ASSIGNMENT: List every line in this data where the string "front" occurs.

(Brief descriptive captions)
※ ※ ※

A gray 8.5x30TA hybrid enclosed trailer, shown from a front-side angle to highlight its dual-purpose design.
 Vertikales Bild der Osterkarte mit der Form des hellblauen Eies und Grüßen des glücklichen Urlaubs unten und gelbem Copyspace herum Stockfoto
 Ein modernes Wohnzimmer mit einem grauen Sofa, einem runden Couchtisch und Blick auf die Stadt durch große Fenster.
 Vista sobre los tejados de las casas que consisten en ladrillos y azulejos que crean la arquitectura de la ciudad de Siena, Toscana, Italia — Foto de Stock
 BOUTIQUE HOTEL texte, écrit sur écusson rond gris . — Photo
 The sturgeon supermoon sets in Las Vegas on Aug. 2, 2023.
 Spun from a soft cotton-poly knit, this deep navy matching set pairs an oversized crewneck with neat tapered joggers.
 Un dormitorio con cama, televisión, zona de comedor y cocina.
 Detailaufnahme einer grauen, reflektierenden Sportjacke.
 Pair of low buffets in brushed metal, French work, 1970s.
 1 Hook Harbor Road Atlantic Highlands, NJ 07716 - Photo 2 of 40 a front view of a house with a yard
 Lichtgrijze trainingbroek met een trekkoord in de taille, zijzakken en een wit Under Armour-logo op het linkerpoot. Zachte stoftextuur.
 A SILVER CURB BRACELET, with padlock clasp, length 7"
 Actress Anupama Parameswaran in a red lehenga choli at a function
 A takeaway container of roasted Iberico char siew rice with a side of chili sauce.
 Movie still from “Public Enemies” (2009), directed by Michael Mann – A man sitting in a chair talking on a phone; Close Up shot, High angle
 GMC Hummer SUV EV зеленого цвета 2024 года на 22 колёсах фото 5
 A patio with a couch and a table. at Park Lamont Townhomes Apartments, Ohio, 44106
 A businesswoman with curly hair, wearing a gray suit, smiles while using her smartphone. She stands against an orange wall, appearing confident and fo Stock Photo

※ ※ ※

WRITTEN SOLUTION:
A gray 8.5x30TA hybrid enclosed trailer, shown from a front-side angle to highlight its dual-purpose design.
 1 Hook Harbor Road Atlantic Highlands, NJ 07716 - Photo 2 of 40 a front view of a house with a yard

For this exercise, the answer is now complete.